[Items from a data source]

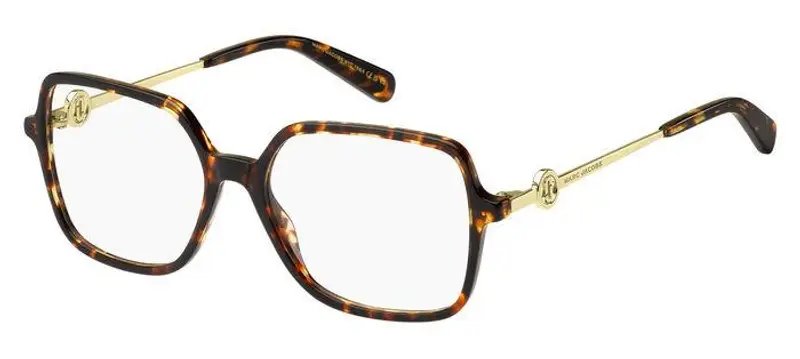Marc Jacobs Donna MARC 691 086 Montature da vista Acetato Havana  Squadrata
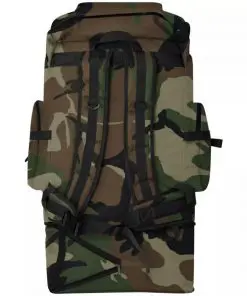 vidaXL Army-Style Backpack XXL 100 L Camouflage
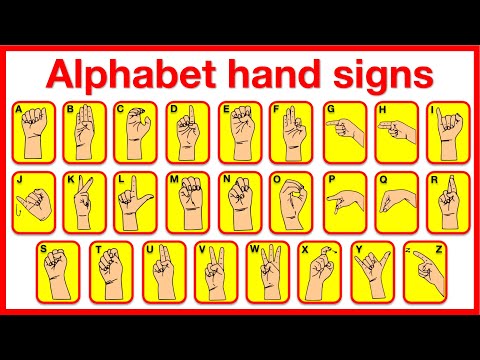 Alphabet Hand Signs 👍🏻 | Learn the alphabet hand signs | British English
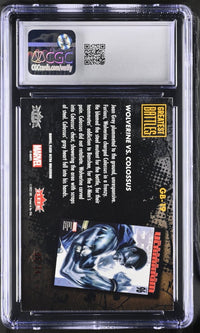 Load image into Gallery viewer, 2024 Marvel Ultra Wolverine vs. Colossus Red Foil #GB - 19 CGC 8.5 NM/MINT+
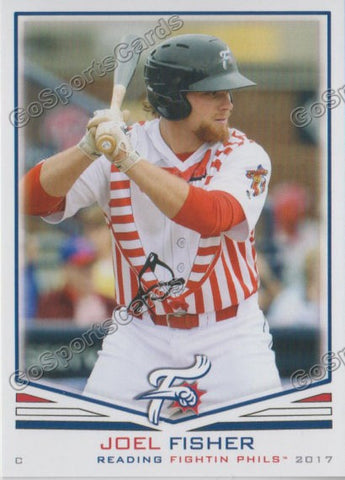 2017 Reading Fightin Phils Joel Fisher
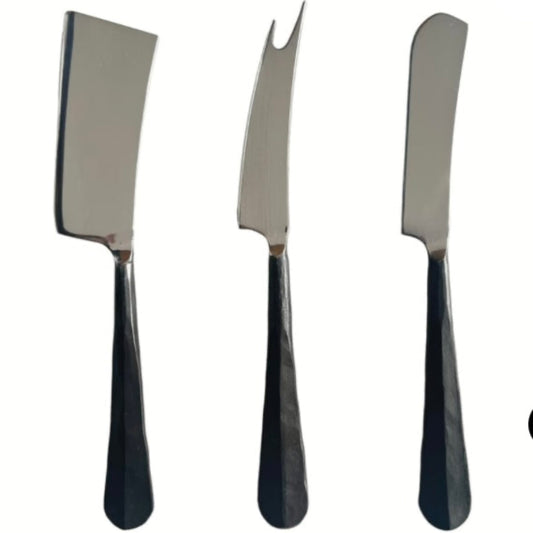 RUSTIC CHEESE KNIFE SET OF 3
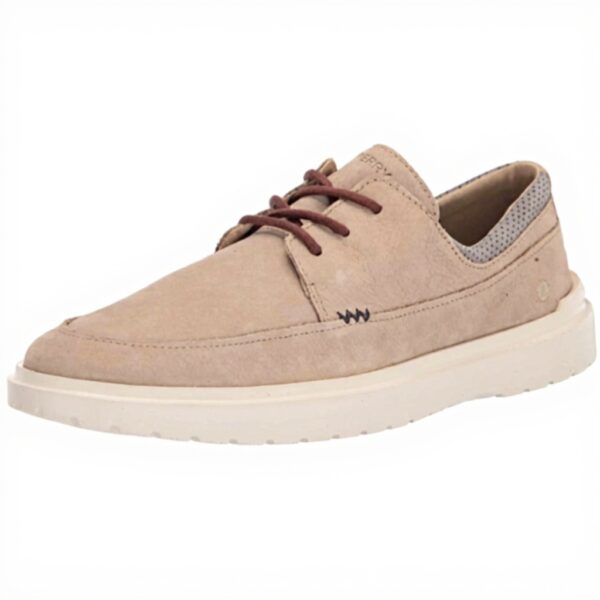Sperry Homme Cabo II Oxford Mocassin Nubuck Beige Chaud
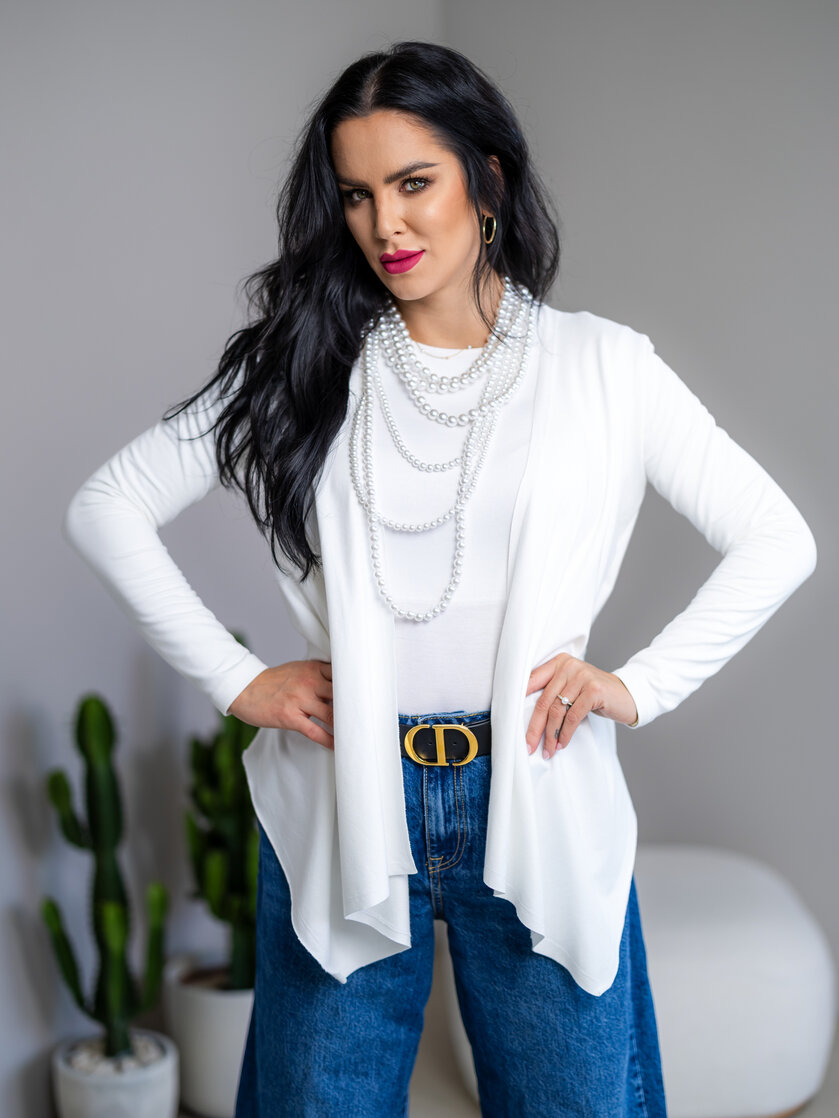 JEDNODUCHÝ KARDIGAN “LYDIA”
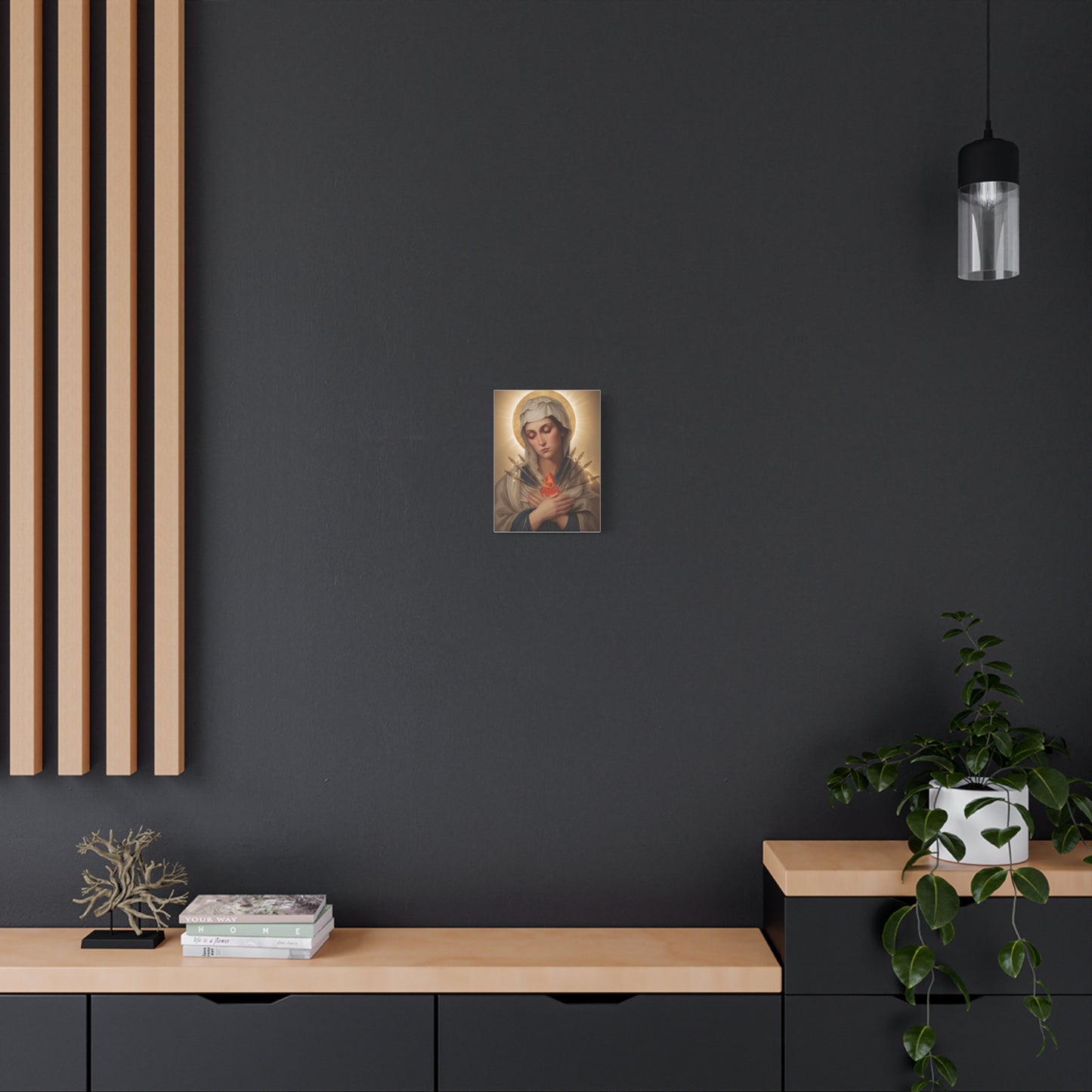 Ready to Hang - Mary Our Lady Of Sorrows Catholic Canvas Wall Art, Christian Decor
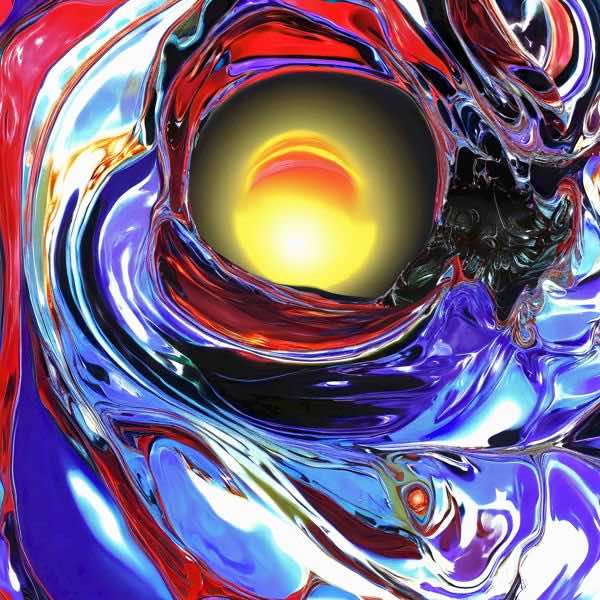 AIアートポスター カナブストラクド「矢なき±超現実と±フラクタル」 Kanabstracd オリジナルアート作品..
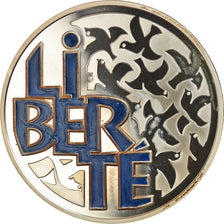 Coin, France, Liberté, 6.55957 Francs, 2001, Paris, Proof, MS(65-70), Silver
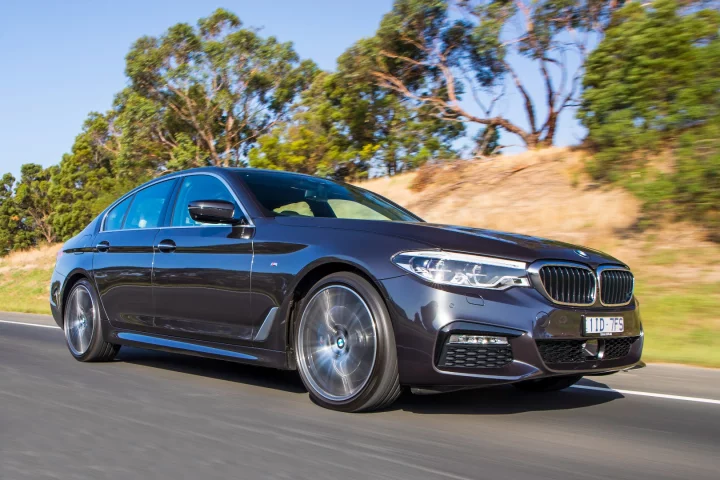The flagship 540i lives up to expectations on the open road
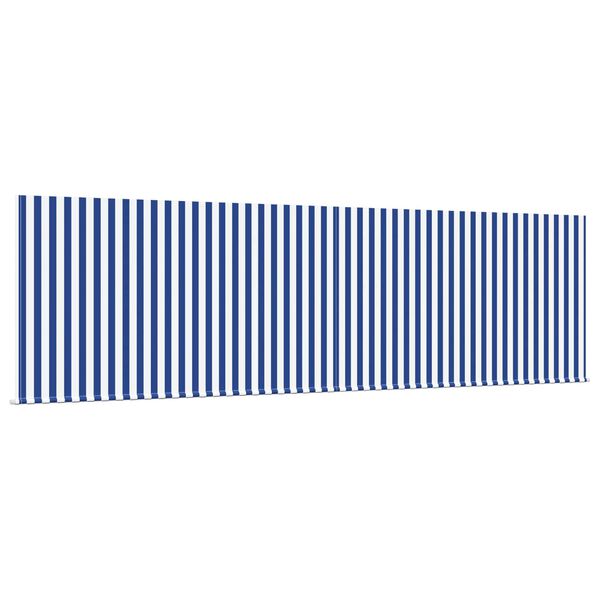 vidaXL Retraktilna tenda Modra in bela 400 &times; 300 cm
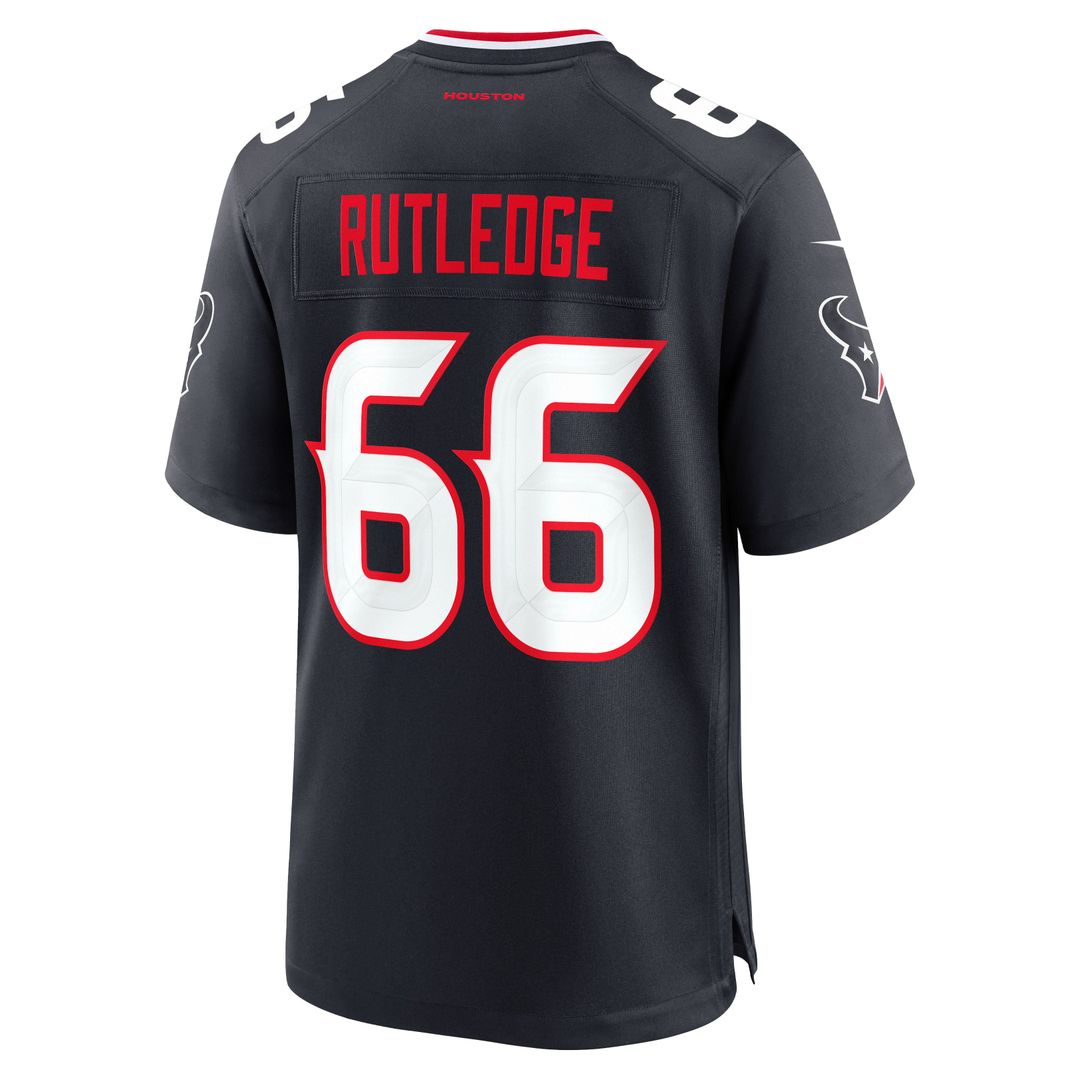 Men's Houston Texans Keylan Rutledge Navy Team
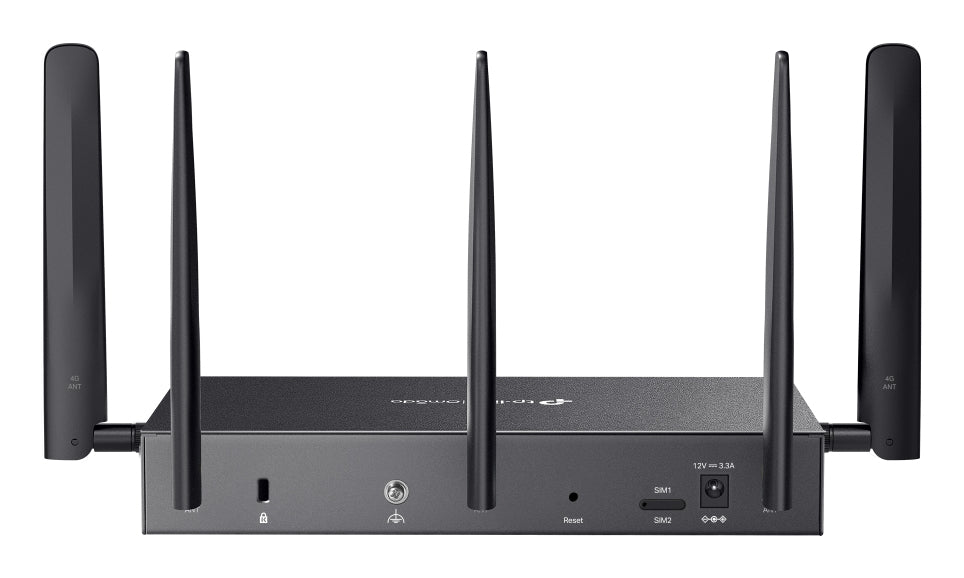 TP-Link Omada DR3650V-4G DSL-Gateway – Wi-Fi 6, Dual-Band (2,4/5 GHz), RJ-11, 4× LAN, 2× USB-A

> _Task description_
Nothing but the lines from the one with "Sperry Homme Cabo" through the end of the entries above, both included, should be set down, exactly and without pictures.

> _Answer box_
Sperry Homme Cabo II Oxford Mocassin Nubuck Beige Chaud
 JEDNODUCHÝ KARDIGAN “LYDIA”
 Ready to Hang - Mary Our Lady Of Sorrows Catholic Canvas Wall Art, Christian Decor
 AIアートポスター カナブストラクド「矢なき±超現実と±フラクタル」 Kanabstracd オリジナルアート作品..
 Coin, France, Liberté, 6.55957 Francs, 2001, Paris, Proof, MS(65-70), Silver
The flagship 540i lives up to expectations on the open road
 vidaXL Retraktilna tenda Modra in bela 400 &times; 300 cm
 Men's Houston Texans Keylan Rutledge Navy Team
 TP-Link Omada DR3650V-4G DSL-Gateway – Wi-Fi 6, Dual-Band (2,4/5 GHz), RJ-11, 4× LAN, 2× USB-A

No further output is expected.